---------- Stored data

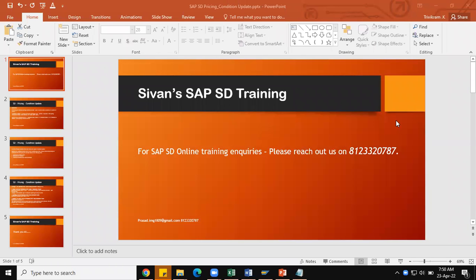Hello all, welcome to Sivan's SAP SD training. Thanks for watching all the videos and thanks for your valuable comments on my videos. Today I am going to discuss about the condition update concept in the pricing procedure.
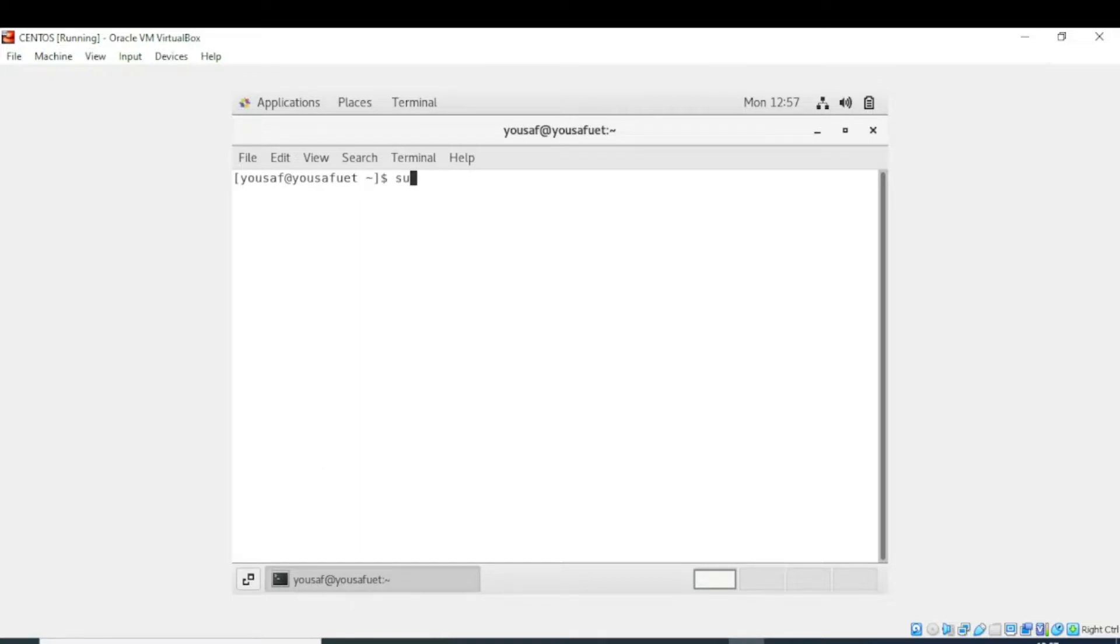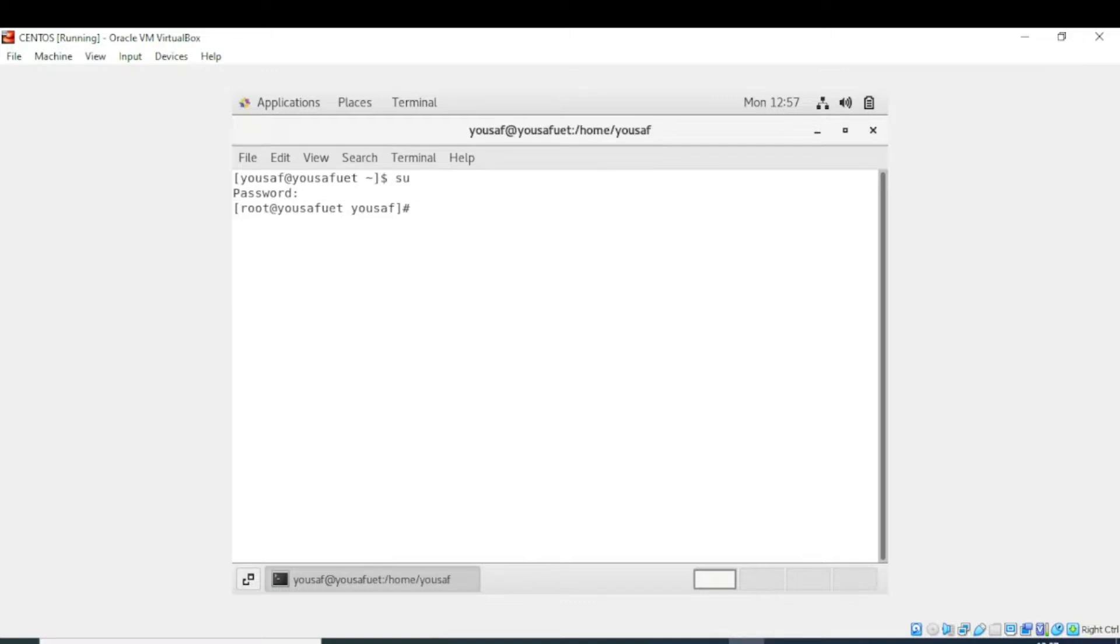Go into the root directory using the switch user command. After that, enter the password. Now write rpm -q and enter the name of the specific package you want to verify.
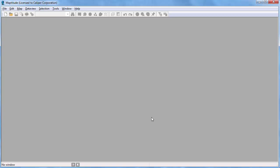Maptitude mapping software gives you the tools, maps, and data you need to analyze and understand how geography affects you and your business. This video demonstrates a number of ways that you can use Maptitude and the United Kingdom country package to better understand where your customers are, spot trends that cannot be seen in tables and spreadsheets alone, and answer geographic questions that impact your operations.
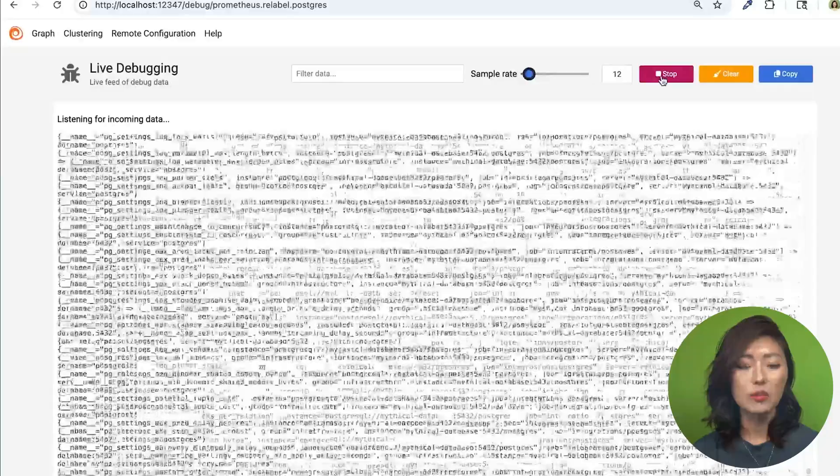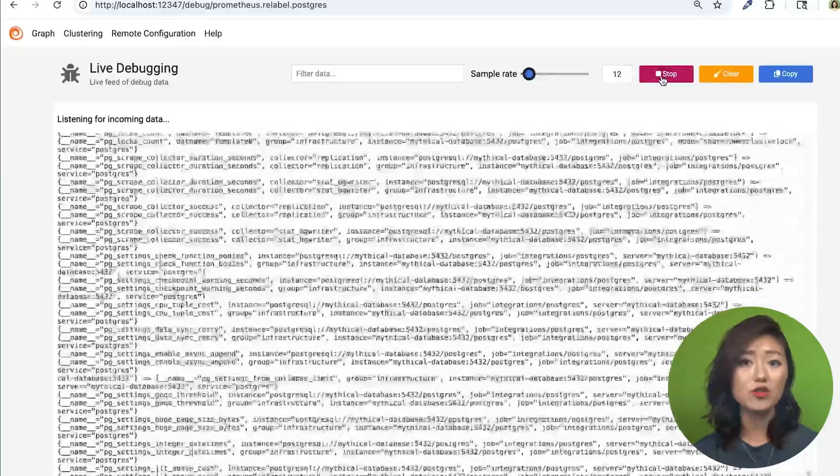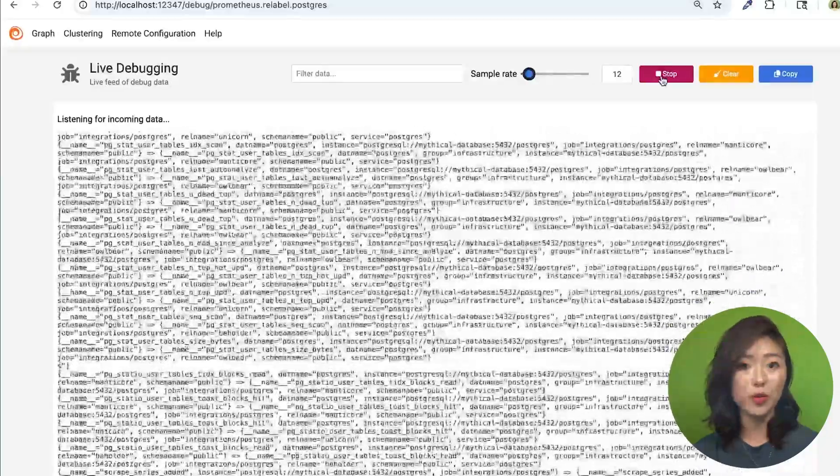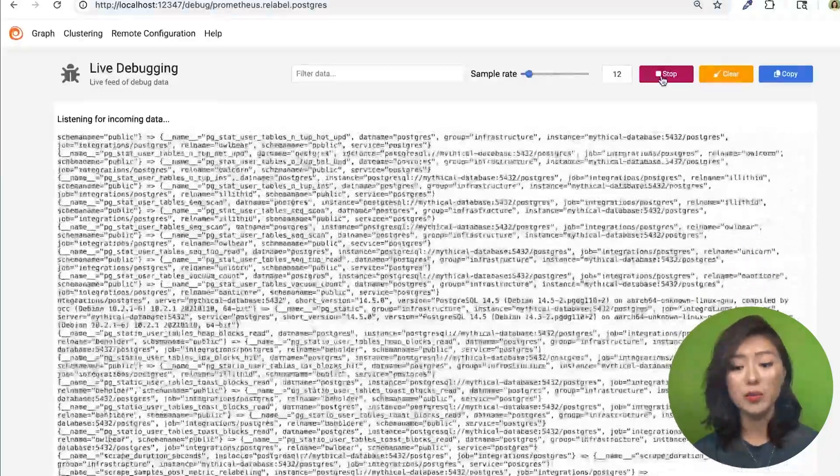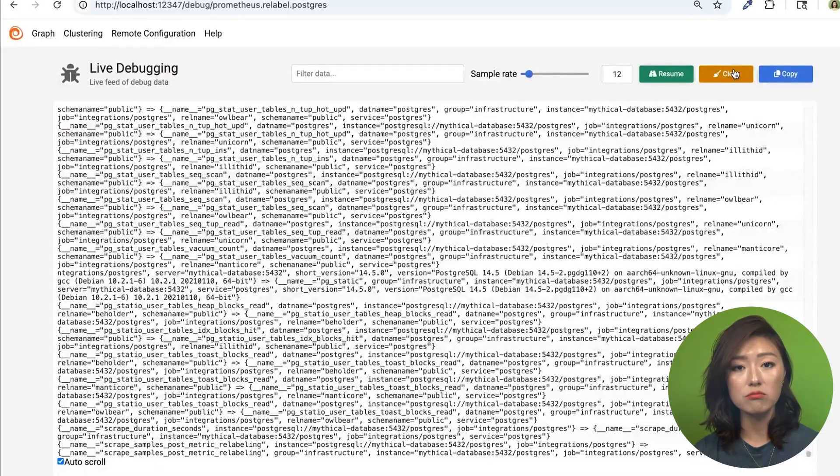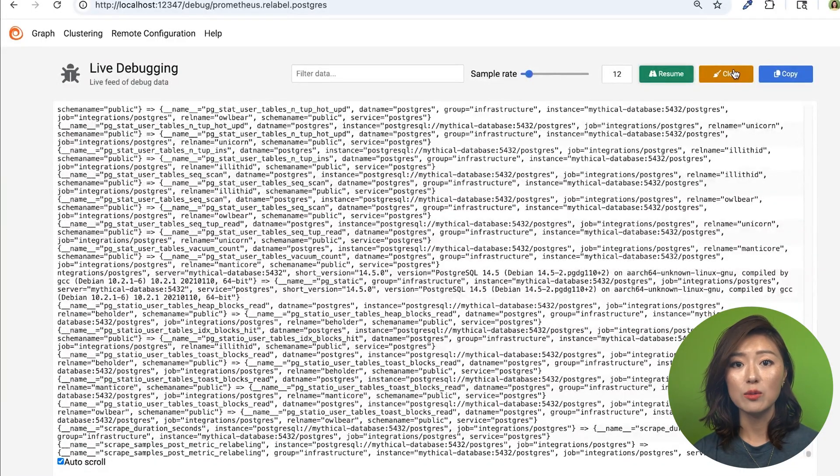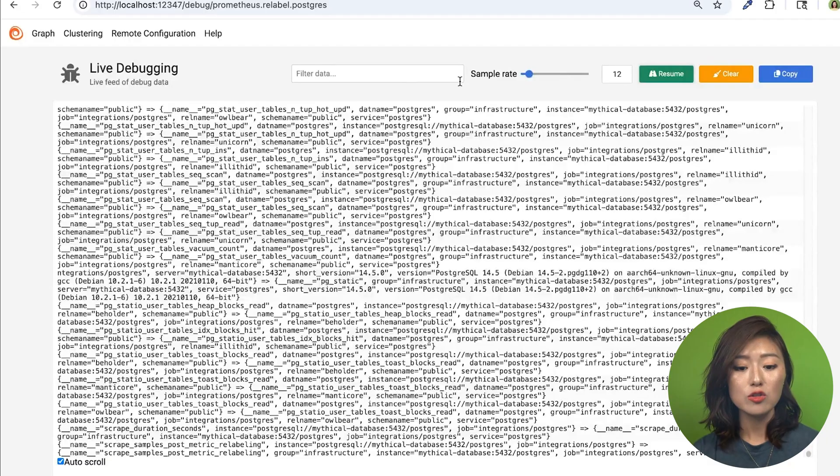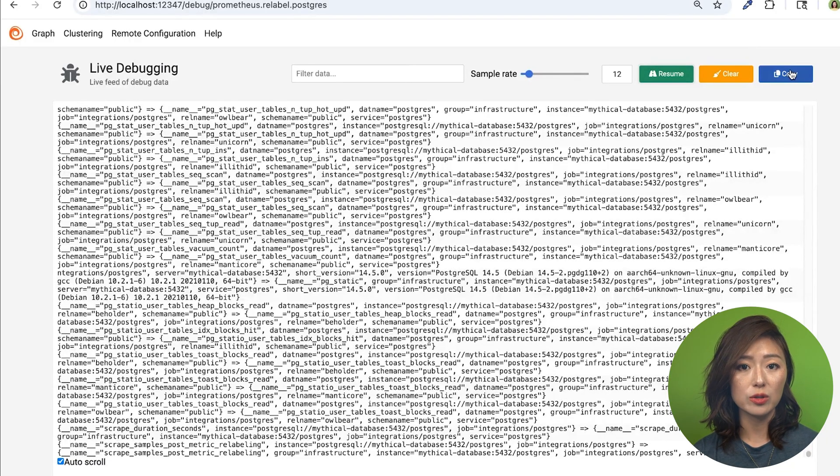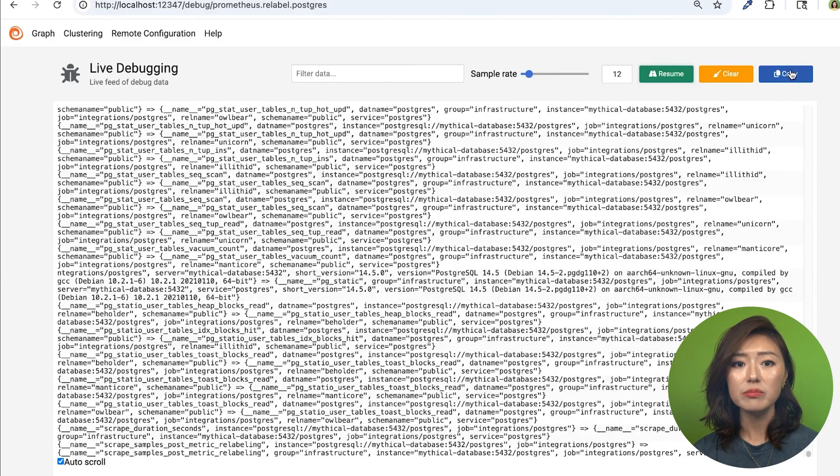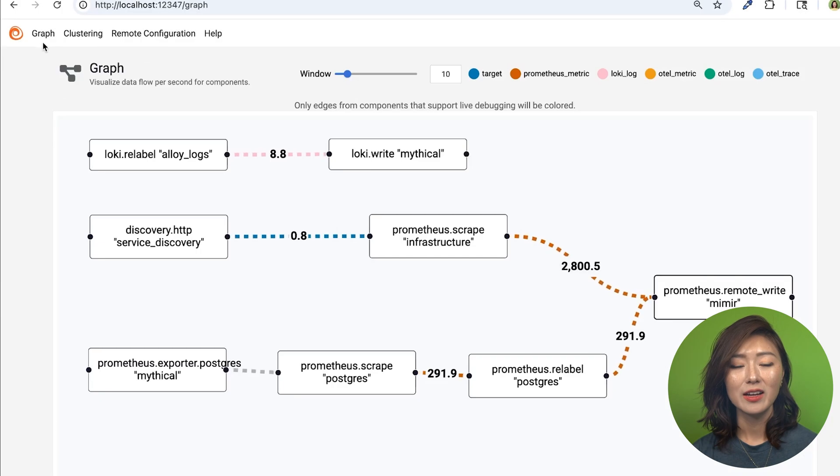We see a real-time stream of telemetry flowing through a component. From here, we can pause and clear the data stream, sample data and disable auto-scrolling to handle heavy loads, search through the data using keywords, and copy the entire data stream to the clipboard. It's a great way to inspect what's happening under the hood.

--------------------

*What the task asks*:
Copy the listing word for word, excluding its pictures.

*Response box*:
Hello all, welcome to Sivan's SAP SD training. Thanks for watching all the videos and thanks for your valuable comments on my videos. Today I am going to discuss about the condition update concept in the pricing procedure.
Go into the root directory using the switch user command. After that, enter the password. Now write rpm -q and enter the name of the specific package you want to verify.
Maptitude mapping software gives you the tools, maps, and data you need to analyze and understand how geography affects you and your business. This video demonstrates a number of ways that you can use Maptitude and the United Kingdom country package to better understand where your customers are, spot trends that cannot be seen in tables and spreadsheets alone, and answer geographic questions that impact your operations.
We see a real-time stream of telemetry flowing through a component. From here, we can pause and clear the data stream, sample data and disable auto-scrolling to handle heavy loads, search through the data using keywords, and copy the entire data stream to the clipboard. It's a great way to inspect what's happening under the hood.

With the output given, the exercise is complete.